» **GIVEN INFORMATION**
-=-=-

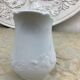 Small white porcelain milk jug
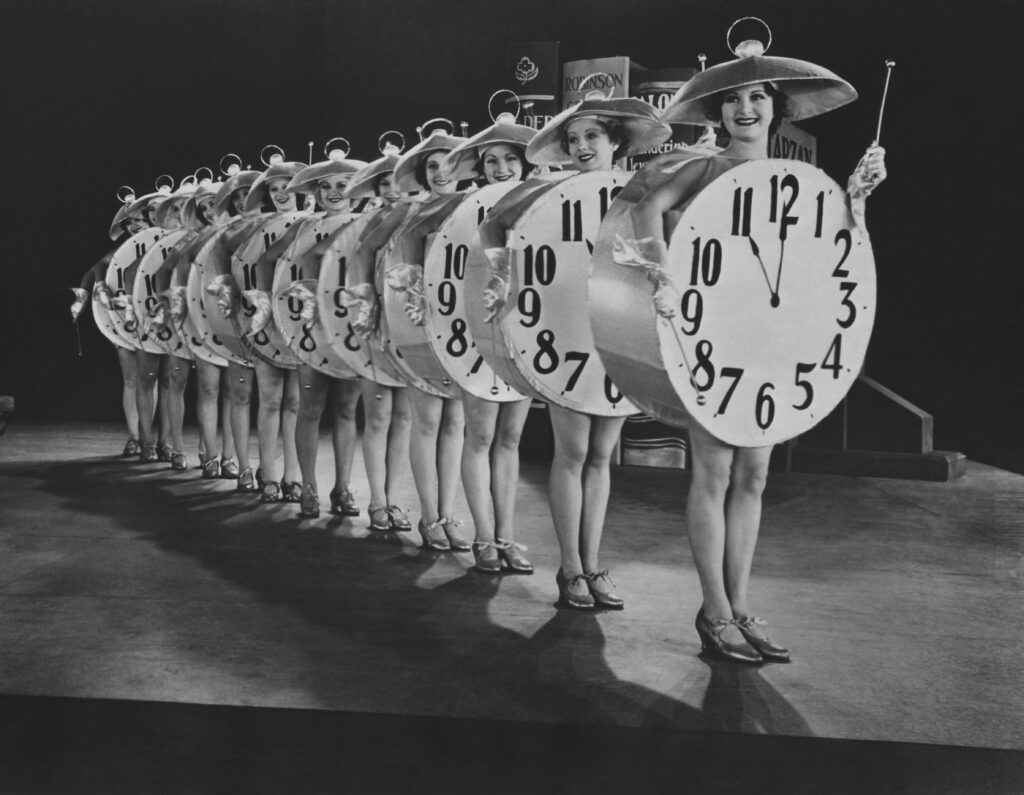 Women dressed as clocks. They are about to tap dance. It is amazing.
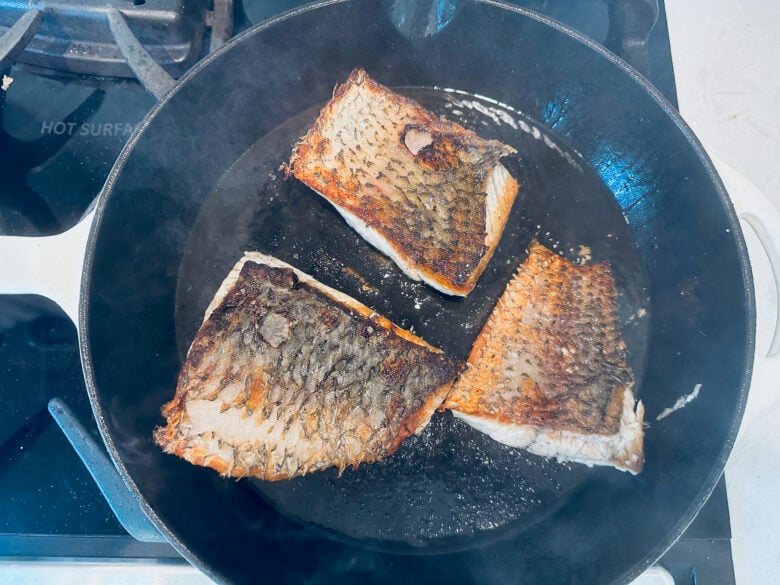 Barramundi filets cooking skin side up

-=-=-

» **WORK REQUIRED**
Produce an exact copy of every line above, with the images left out.

» **EXPECTED OUTPUT**
 Small white porcelain milk jug
 Women dressed as clocks. They are about to tap dance. It is amazing.
 Barramundi filets cooking skin side up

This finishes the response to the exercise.